History of MS/NMO, dystonia treatment, Tsui torticollis rating scale, and response to Botulinum treatment.

Discussion

We present a case series of 14 patients who had dystonia secondary to multiple sclerosis and NMO. This is the most extensive case series to date with clinical presentation and MRI imaging. The locations of the demyelinating lesions were variable and included the caudate and putamen as well as thalamus, cortex, brainstem, and cerebellum, which supports the idea that disruption in either the cortico-ponto-cerebello-thalamo-cortical or the cortico-basal ganglia-thalamo-cortical could lead to dystonia. We also reported treatment responses from botulinum injections.

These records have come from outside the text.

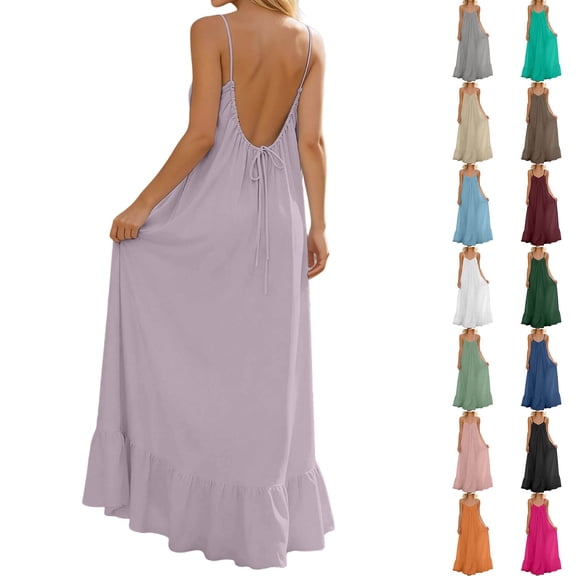 Backless Cami Dresses for Women Sleeveless Cami Lounge Dress Party House Dress Long Tiered Maxi Dress Pockets Fashion Clothing,Dark Green,M
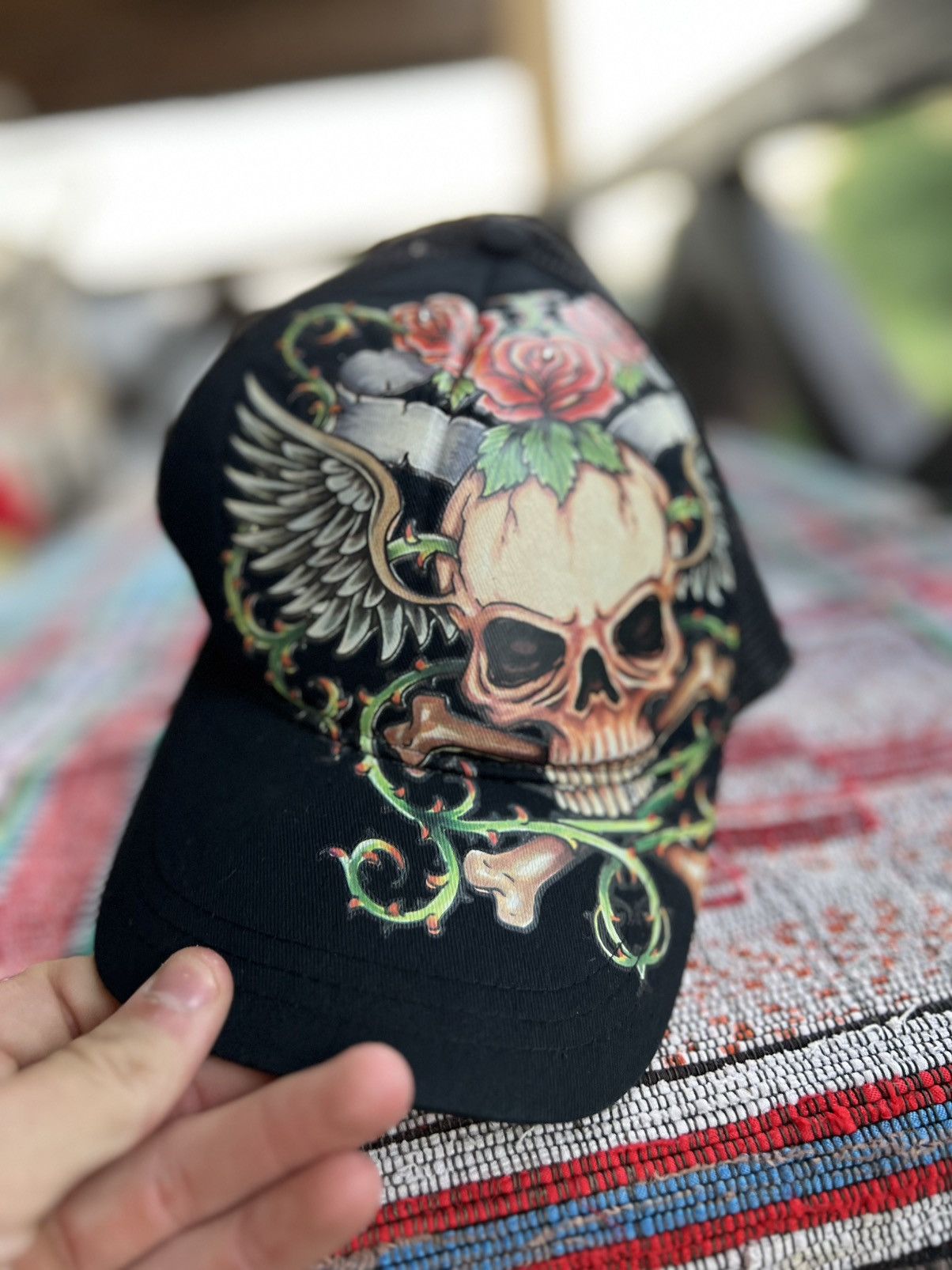 Ed Hardy 🔥 Vintage Ed Hardy Style Black Cap – One Size Size ONE SIZE - 3 Thumbnail
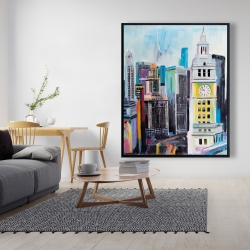 Framed 48 x 60 - Colorful cityscape of manhattan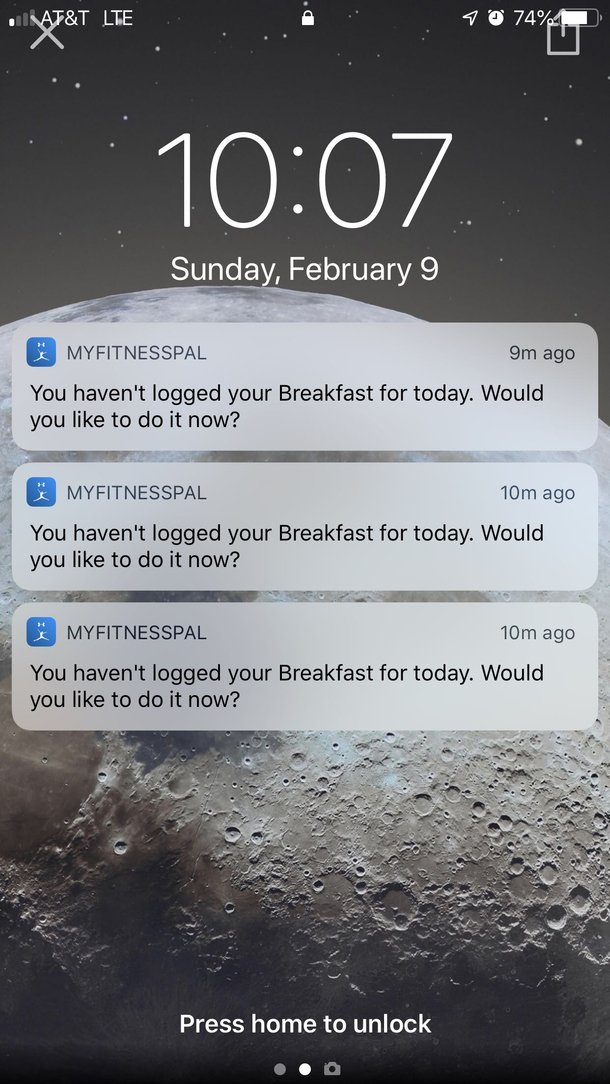 MyFitnessPal super aggressive this morning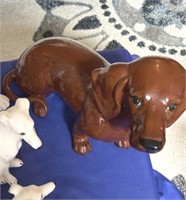 4 dog statues - weenie dog, 2 great danes and lab
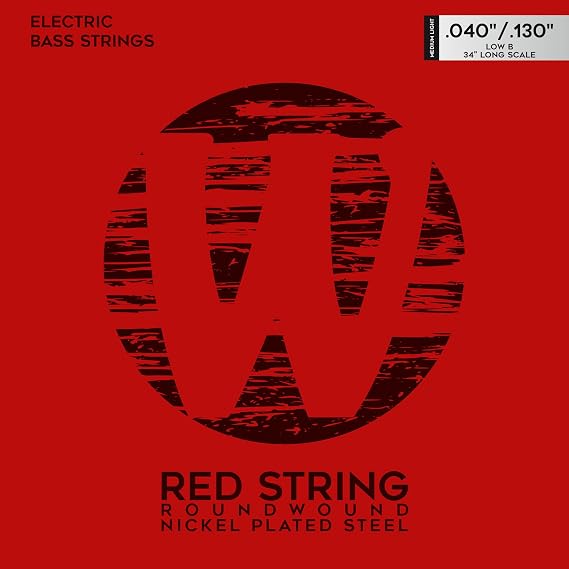 Warwick Red Strings 040-.130 Set of 5 String Per Basso, Medium Light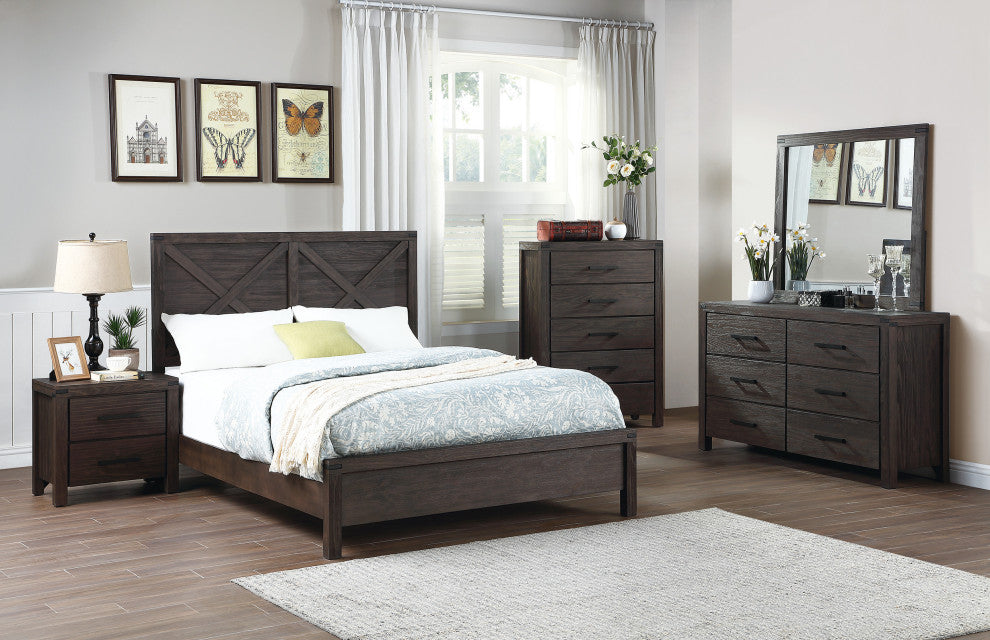 Wood Bed, Dark Gray, Queen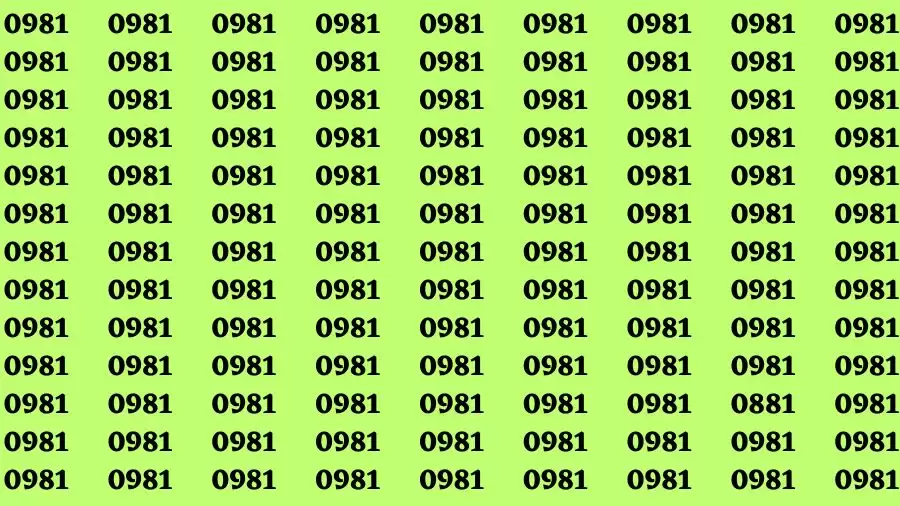 Observation Brain Challenge: If you have Eagle Eyes Find the number 0881 among 0981 in 12 Secs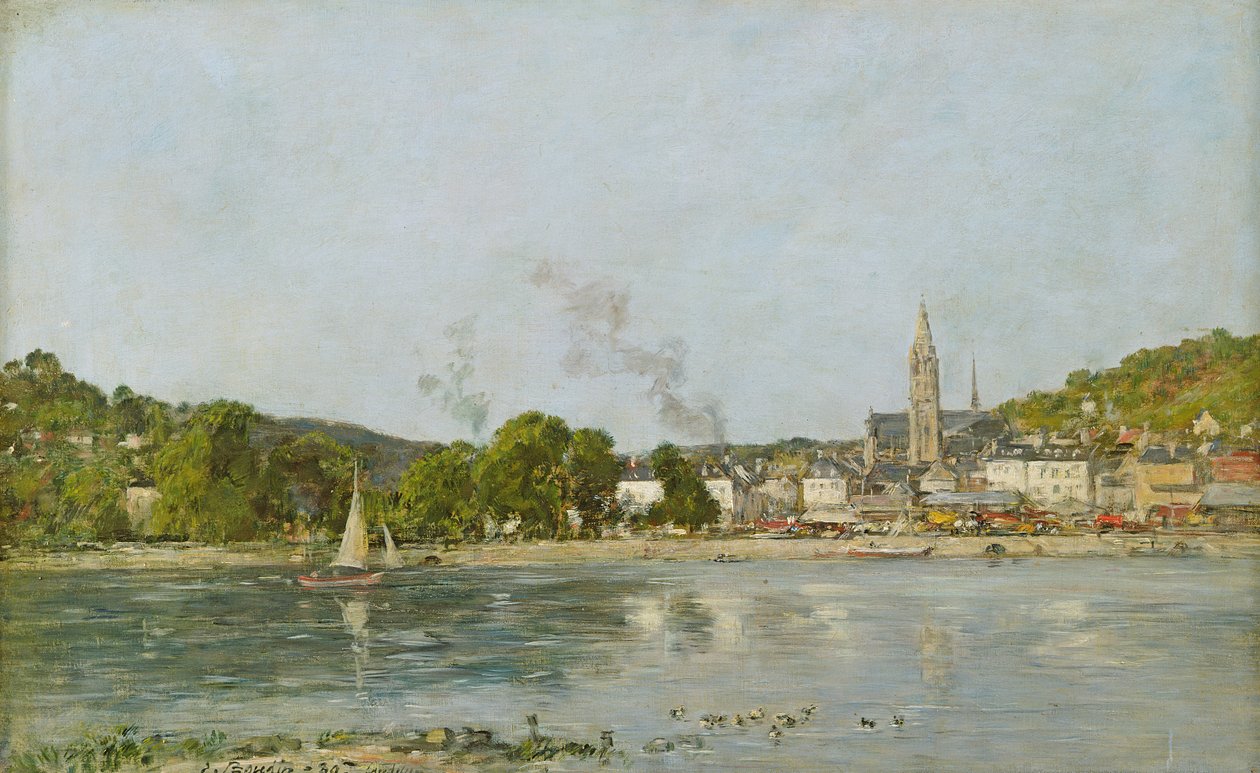 O Sena em Caudebec-en-Caux, 1889 de Eugene Louis Boudin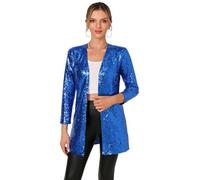 THANKPEARL Women's Sequin Jacket Long Sleeve Open Front Blazer Glitter Sparkly Coat Party Casual Cardigan, Royal Blue, XXXL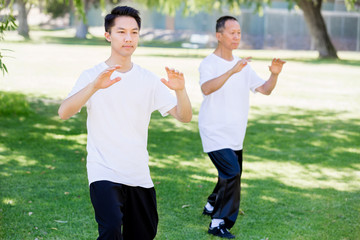 People practicing thai chi in park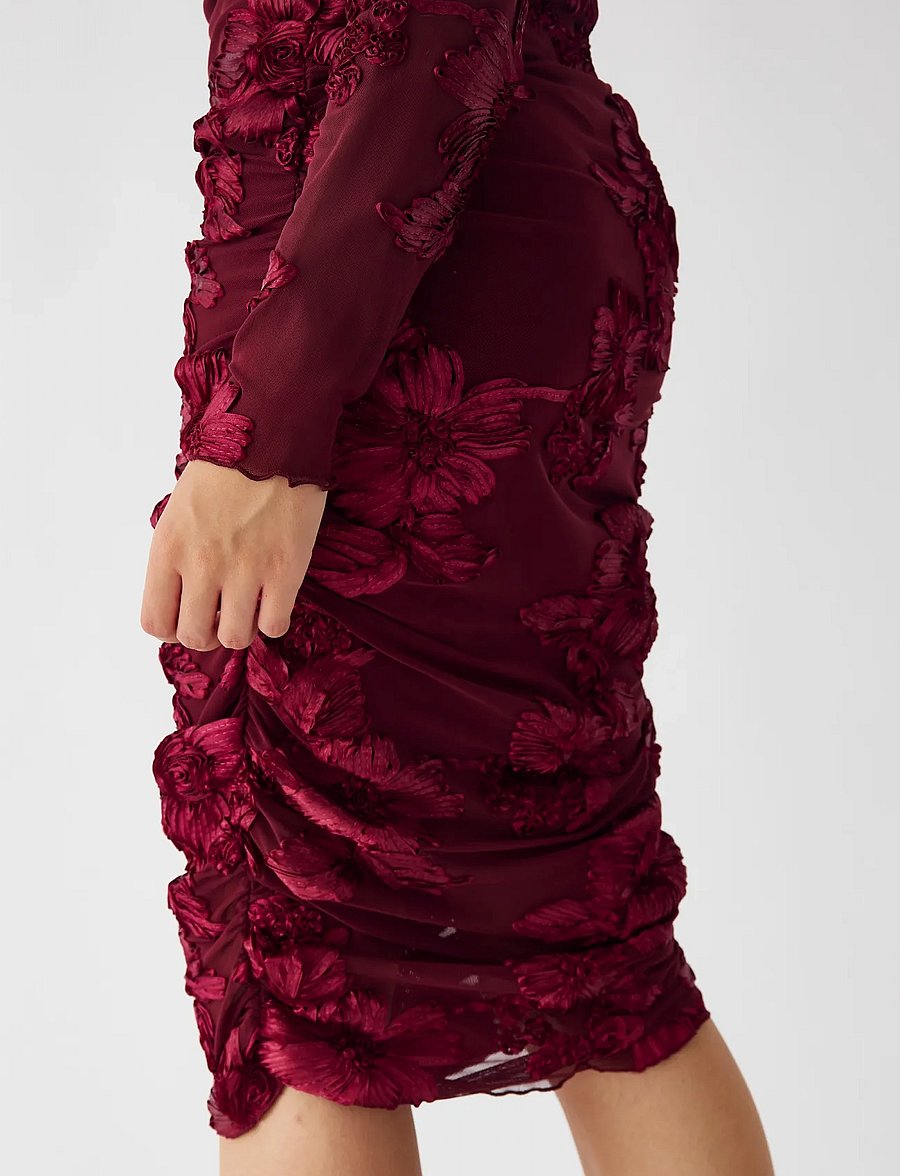 Noella - Lavinia L/S Dress - festkjoler - winetasting - 4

The extant relevant literature includes few cases but does provide some clinical-anatomic correlations of secondary dystonias associated with demyelinating disease. One patient with hemidystonia involving the left upper and lower extremities was attributed to demyelinating plaques in the posterolateral spine at C2 and C3 [7]. Another report noted blepharospasm in two patients with cortical parietal lobe lesions that improved after IV methylprednisolone [8]. To date, the largest case series published describes nine patients with dystonia and MS, of which three had lesions in the basal ganglia [9]. A cohort of seven people with dystonia and MS had a variety of demyelinating plaques found most frequently in the thalamus [10].

Both generalized dystonia from genetic causes and isolated, idiopathic cervical dystonia could be due to disruption in the cortico-ponto-cerebello-thalamo-cortical or the cortico-basal ganglia-thalamo-cortical pathways [11, 12]. Interestingly, our patients with dystonia and either MS or NMO also had demyelinating disease involving the basal ganglia, thalamus, midbrain, cerebellum, or the spinal cord supporting the notion that this form of secondary dystonia may share dysfunction of similar brain networks as idiopathic or genetic dystonia. Specifically, we found two patients with cerebellar lesions, four with lesions in basal ganglia, and two with thalamic lesions. Two cases with cervical dystonia had lesions in the cerebellum. In addition, all 4 patients with dystonia in either upper or lower extremities on both sides, had plaques located in more than one area. Of note, one person (4) with cervical dystonia had lesions in multiple brain areas including bilateral putamen, bilateral prefrontal lesions, right posterior midbrain, and right cerebellum, but we could not identify which of these lesions specifically contributed to dystonia. We did not know the temporal relationship between the onset of these plaques and the onset of dystonia which could have provided stronger evidence of the clinical pathologic relationships in these cases. Anatomical or functional lesions may fall below the sensitivity of MRI detection so visualization on MR imaging likely does not reveal all relevant pathology.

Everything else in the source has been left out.